Document understanding. A photographed invoice, a handwritten note, a PDF with complex tables — multimodal models can read layouts that pure OCR struggles with, because they understand context, not just character sequences.
Code from screenshots. "Here's a screenshot of a UI I want to build. Write the HTML and CSS." This is a pattern developers actually use, daily.
Visual QA in domain contexts. Medical imaging, satellite interpretation, quality control in manufacturing — in each case, the model is answering questions about what it sees.
Interleaved content. You can pass a document that mixes images and text — a research paper with figures, for example — and the model processes them together rather than treating text and images as separate inputs.
Audio and video
Image understanding was the first frontier. Audio and video are harder.

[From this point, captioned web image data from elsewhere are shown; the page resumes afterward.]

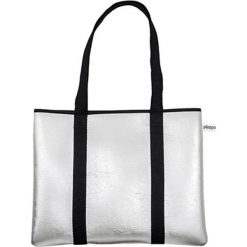 Torebki klasyczne damskie: Torebka w kolorze srebrnym – (S)41 x (W)32 x (G)4 cm
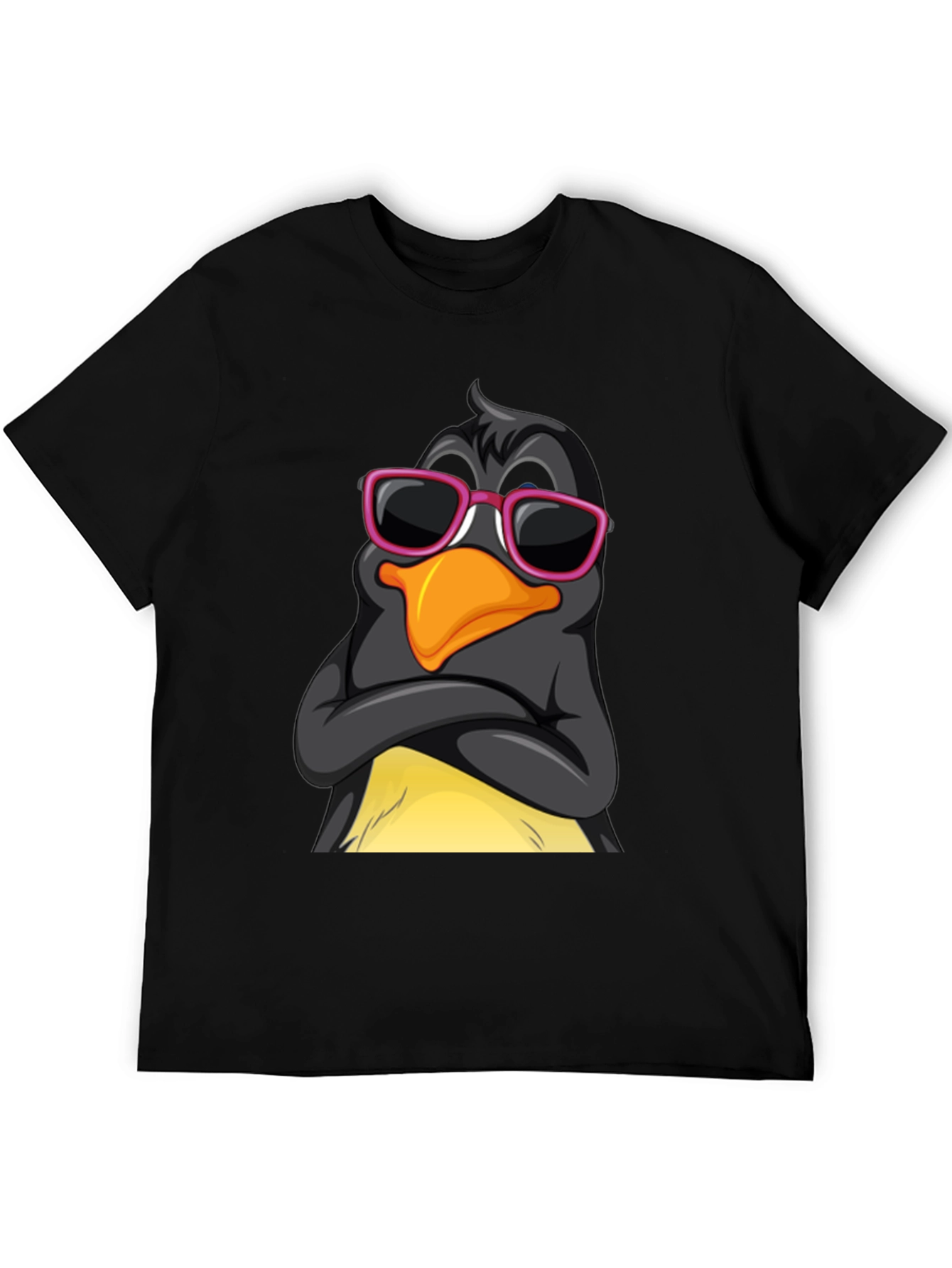 Cool Penguin Graphic Tee - Stylish Black T-Shirt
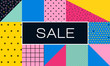 Sale Poster with memphis colorful geometric design, pattern, Summer sale sign and banner
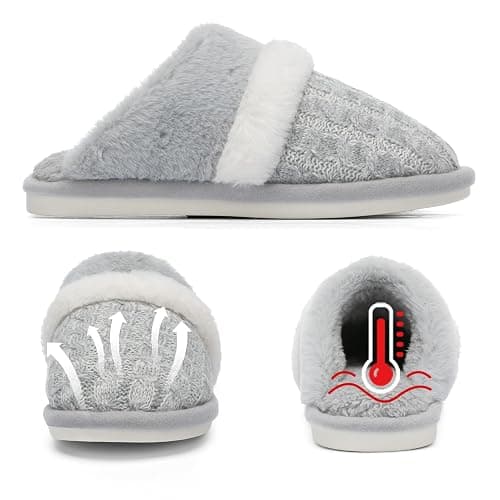 Cozy Slippers for Women Indoor and Outdoor Fuzzy House Shoes with Memory Foam Anti-Skid Sole Gifts for Women Mom Ladies thumbnail 4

Audio requires its own encoder — similar in concept to the vision encoder, but processing spectrograms or waveforms. GPT-4o and Gemini can accept audio directly. Models trained on audio can transcribe, identify speakers, describe ambient sounds, and reason about tone. The voice-to-voice capabilities in GPT-4o use this: audio in, model processes it as tokens, audio out via a separate synthesis step.
Video is audio and images multiplied by time. A one-minute video at 24 frames per second is 1,440 images. Even with aggressive frame sampling, this is token-intensive. Current approaches include sampling a fixed number of frames across the video, encoding only keyframes, and using specialised temporal models that understand motion rather than treating each frame independently.[·]
The limitations that matter in practice
Resolution limits. Vision models process images at a fixed resolution or in fixed-size patches. Very high-resolution images — technical drawings, satellite imagery — often get downsampled, which can lose detail. Some models tile the image into chunks to preserve more detail at the cost of more tokens.
Not truly integrated perception. Current multimodal models process visual inputs through a pipeline, not as a unified perceptual system. The visual information influences the language output, but the model doesn't really "see" the way the marketing copy implies — it's inference-time conditioning, not genuine sight.
extends to images. Models can confidently describe things in an image that aren't there, especially under ambiguity or at image edges. The same pattern-completion tendency that makes text models hallucinate facts makes vision models hallucinate details.
Video understanding is immature. Describing a single frame and describing what happened over thirty seconds are very different tasks. Most models are better at the former. Temporal reasoning — understanding cause, effect, and sequence in video — remains a weak point.
Why it matters beyond the demos
The interesting question isn't "can the model read an image" — it clearly can. The interesting question is what becomes possible when the bottleneck of "translation into text" disappears.
A doctor can now hand a model an X-ray and a patient history simultaneously. A lawyer can process a contract's scanned pages without converting them first. A factory engineer can point a camera at equipment and describe a problem in natural language. The interface to AI stops requiring that the user first convert their world into words.
That shift — from text interface to perceptual interface — is still early. The models are capable. The workflows that use these capabilities well are being figured out now.